◆ EXERCISE BRIEF ◆
Copy only the lines from the one with "Cerdos pequeños en la granja — Foto de Stock" through the end of the records, exactly as they stand. No pictures belong in the copy.

━━━━

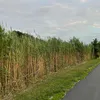 maloryblue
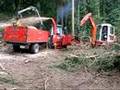 Holz häckseln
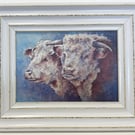 Herefords. Framed Special Edition Canvas Print 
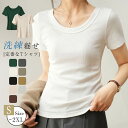 Tシャツ レディース 半袖 夏 秋 春 Uネック インナー トップス 綿 コットン 無地 ゆったり カジュアル 大きいサイズ おしゃれ シンプル ゆるっと きれいめ 着回し レイヤード 重ね着 汗染み防止 トップス カットソー tシャツ ベーシック きれいめ シンプル 通勤 9色全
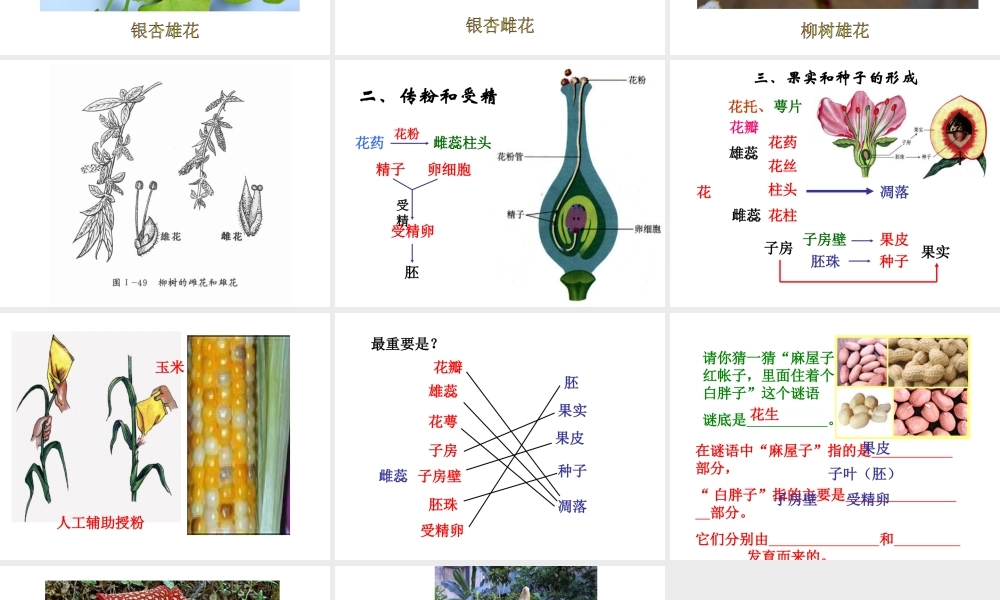 2014年秋七年级生物上册 第三单 第二章 第三节 开花和结果课件 新人教版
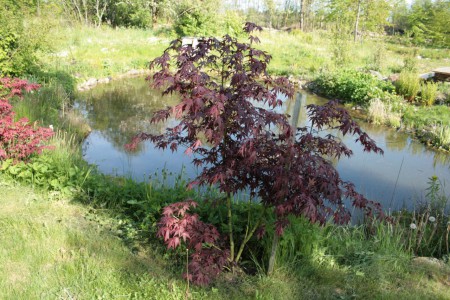 Japansk lönn vid lilla dammen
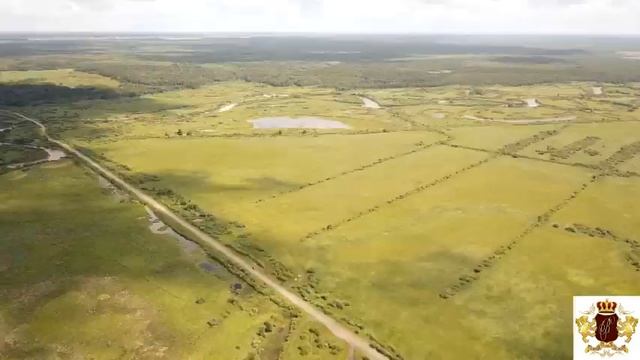 100 соток за Успенкой. Московский тракт. Тюменский гектар смотреть онлайн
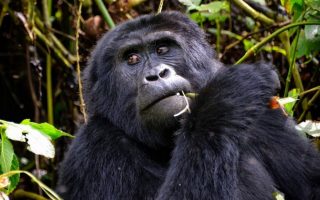 5 Days Uganda Gorillas & Chimpanzee Safari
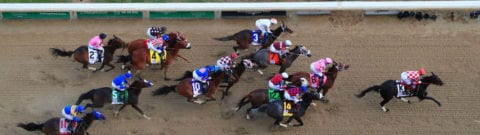 DK Horse Racebook - App Review & Promo Code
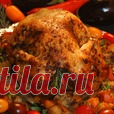 Курица в полёте по-гречески Кулинарный рецепт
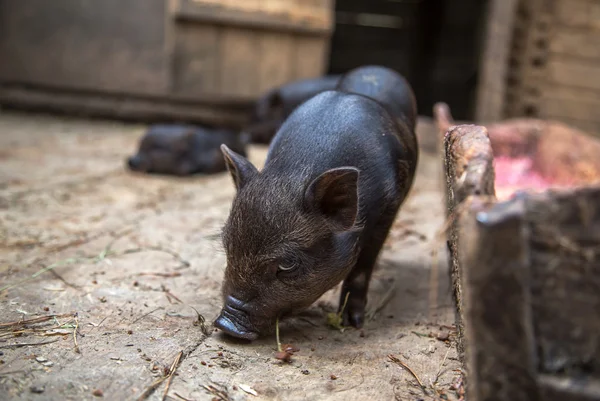 Cerdos pequeños en la granja — Foto de Stock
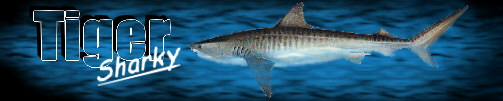 Tiger-Shark
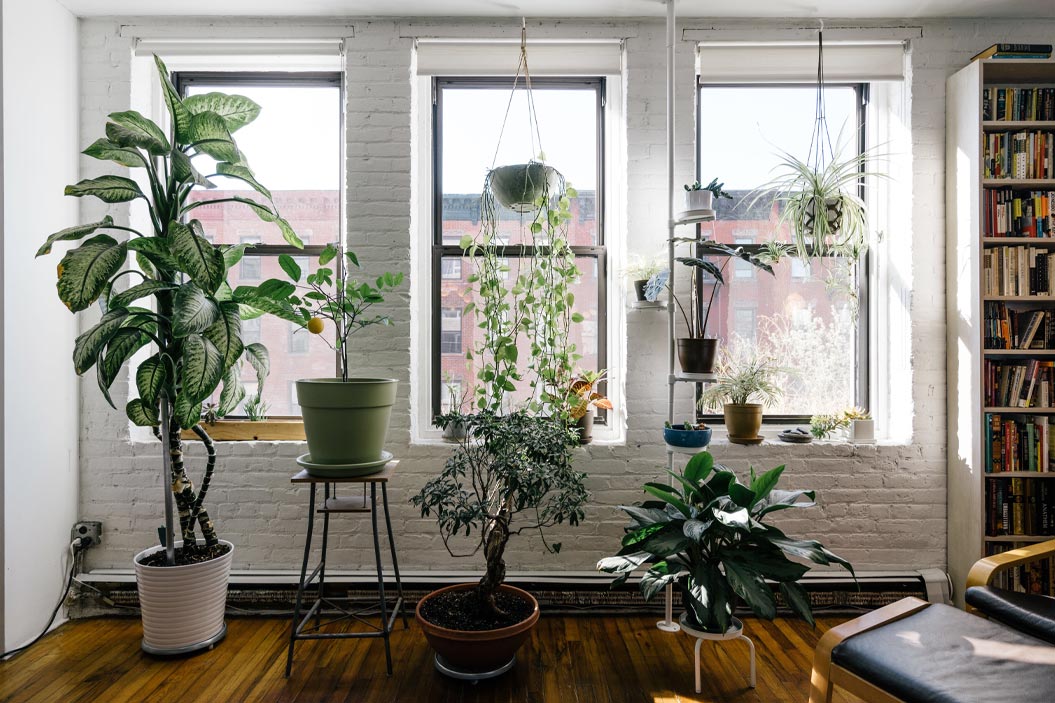 Contribuyen a atenuar el ruido de fondo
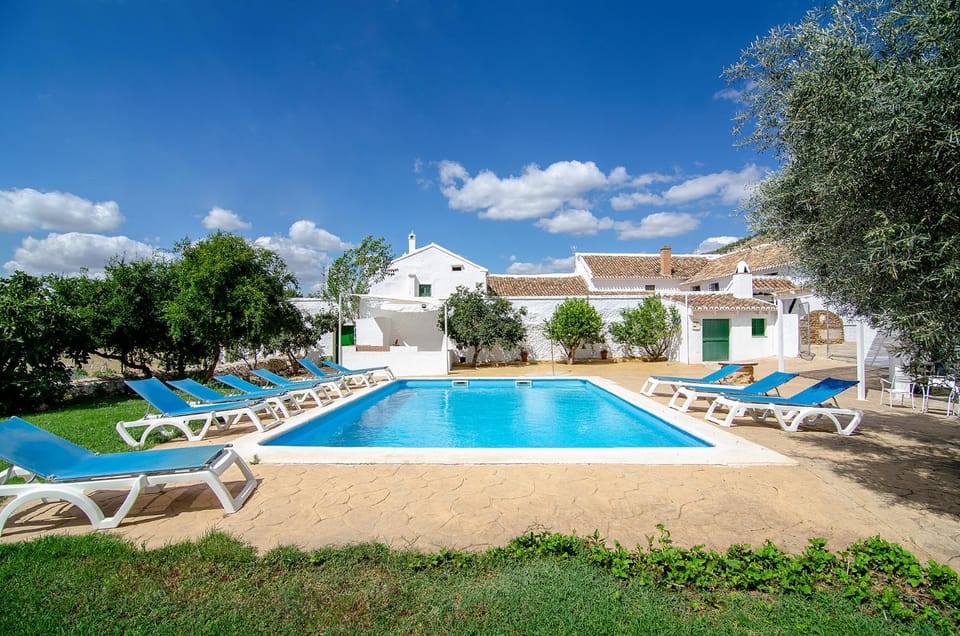 Garden, Swimming pool, sunbed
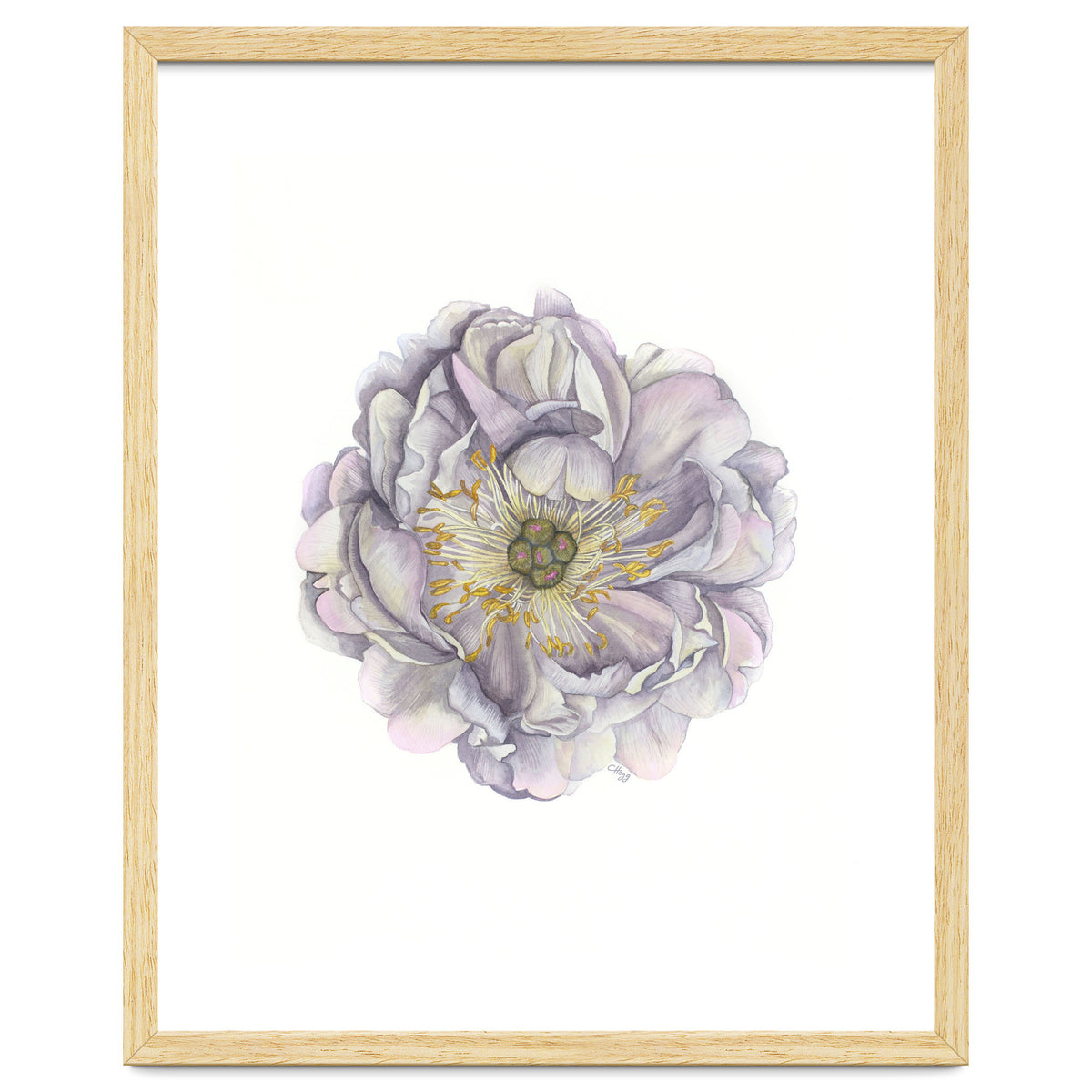 A Peony In Grey Std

━━━━

◆ ANSWER TO THIS PROBLEM ◆
 Cerdos pequeños en la granja — Foto de Stock
 Tiger-Shark
 Contribuyen a atenuar el ruido de fondo
 Garden, Swimming pool, sunbed
 A Peony In Grey Std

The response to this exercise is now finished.